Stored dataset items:
'''
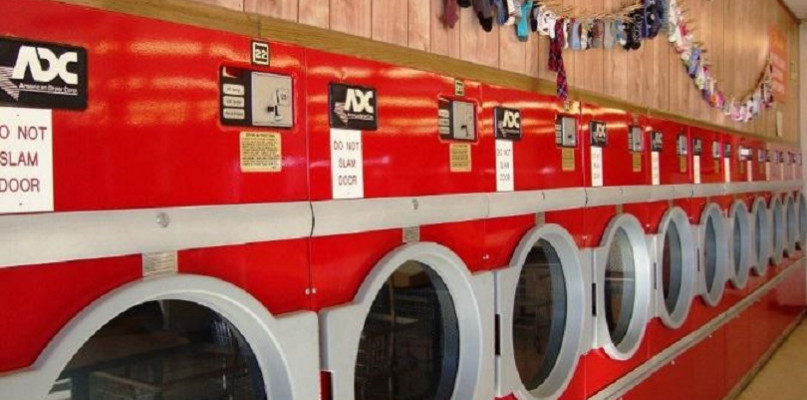 Jak wygląda pranie w pralni przemysłowej?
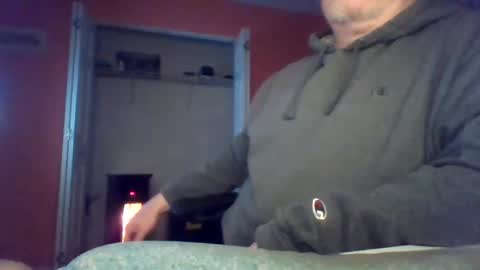 Snapshot of tomcat4848 chatting on 02/01/25, 12:07 tomcat4848 online show from 02/01/25, 12:07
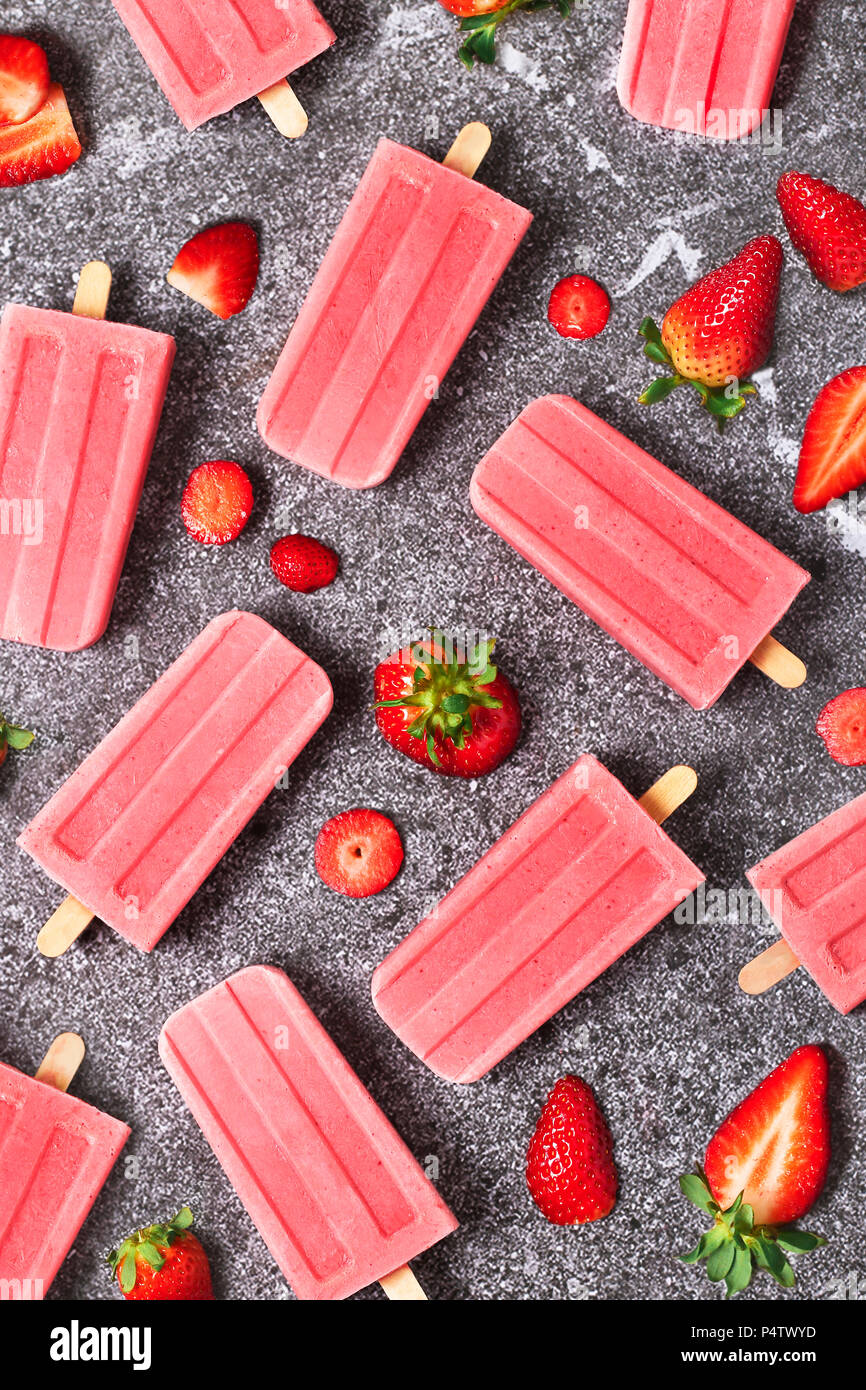 Selbstgemachte Erdbeer Eis am Stiel und Erdbeeren auf Marmor Stockfoto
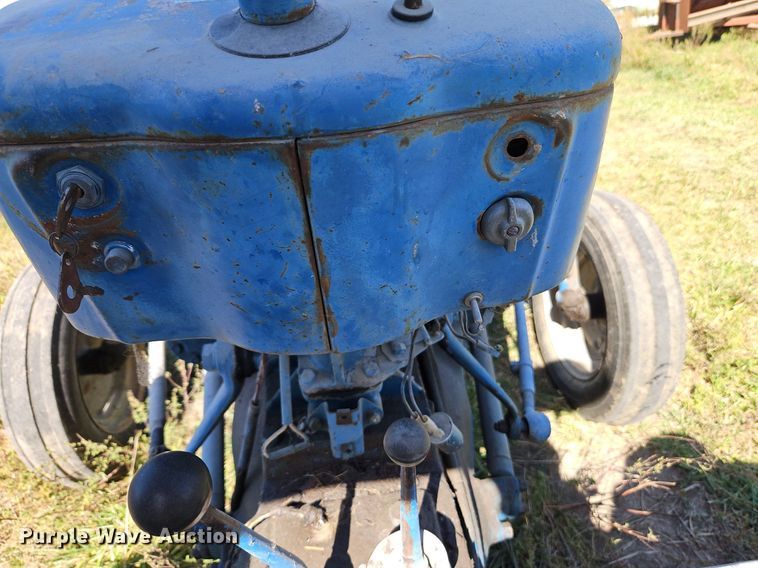 image for item LM9231 Ford 2000  tractor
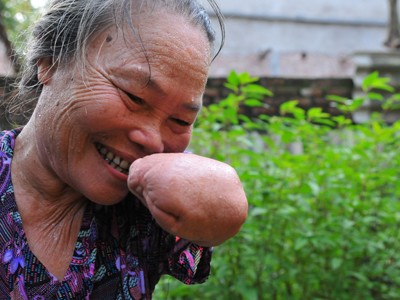 Lưu giữ nhịp đời qua từng Tia Chớp Lưu giữ nhịp đời qua từng Tia Chớp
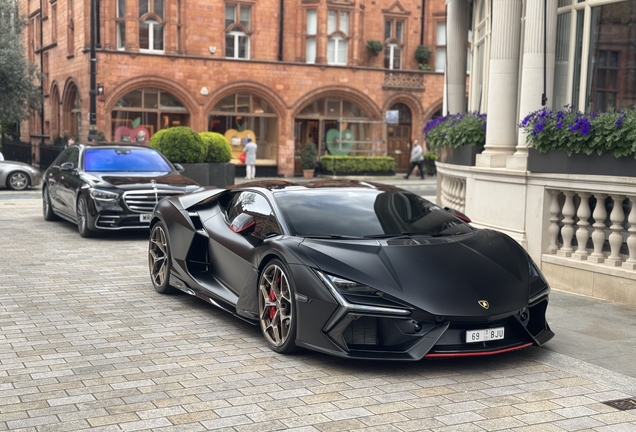 Lamborghini Revuelto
'''
## EXERCISE DIRECTIONS:
Set down the data above verbatim, omitting every image.

## ANSWER SECTION:
 Jak wygląda pranie w pralni przemysłowej?
 Snapshot of tomcat4848 chatting on 02/01/25, 12:07 tomcat4848 online show from 02/01/25, 12:07
 Selbstgemachte Erdbeer Eis am Stiel und Erdbeeren auf Marmor Stockfoto
 image for item LM9231 Ford 2000  tractor
 Lưu giữ nhịp đời qua từng Tia Chớp Lưu giữ nhịp đời qua từng Tia Chớp
 Lamborghini Revuelto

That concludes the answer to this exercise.